Monday, May 2, 2016

Salt Flats (Adjacent) 50K Recap

A Runner's Ramblings: Volume 11; 8th Edition 
119.1 miles runs in 2016 races
Race: Salt Flats 50k
Place: Salt Flats, UT
Miles from home: 735
Weather: 50s; windy; sunny

Winning a race is something I have done a handful of times. Doing so, when you are not a world- (or even national-) class athlete is a mixed bag of emotions. On one hand, you know that if just some mildly talented runners had shown up, you would not win. On the other hand, they didn't and you did. Heading into the Salt Flats 50k, I knew the overall top-level quality of competition was centered in the two other distances the weekend held: the 50 miler and 100 miler. So while my chances of winning were high, they weren't, and never are, guaranteed.

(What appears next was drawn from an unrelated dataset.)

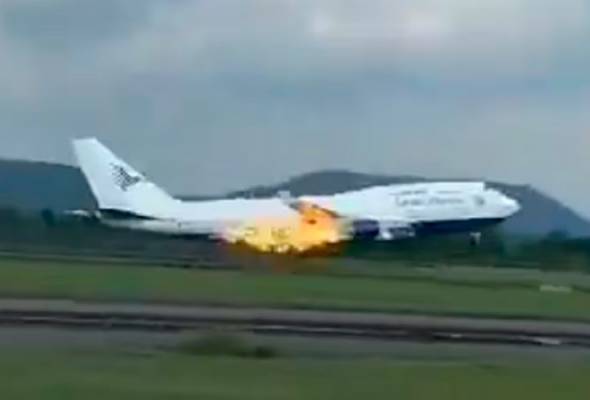 Imej enjin pesawat Garuda Indonesia yang terbakar dikongsi di media sosial sejurus berlepas dari bandar Makassar Indonesia. Gambar media sosial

I had been a thorn in the race director's side of this race since running the 50 miler last year. With 16 miles of running on the absolutely amazing Salt Flats, I asked why there wasn't a simple out and back 50k.  Mostly (I am sure just to shut me up), he finally lamented and added one.  (And here let me say something about Vince Romney, the RD and his merry band of wonderful organizers.  For the most part, I don't give a damn if a race director is nice. Get the job done properly and chances are we will get along fine. When you have a group of people who do both - count yourself lucky. Exhibit A: Someone asked about getting a drop bag when the race was finished.  An organizer said not to worry; if they left it, they would wash the clothes and mail them back to them.  Seriously?! Amazing.)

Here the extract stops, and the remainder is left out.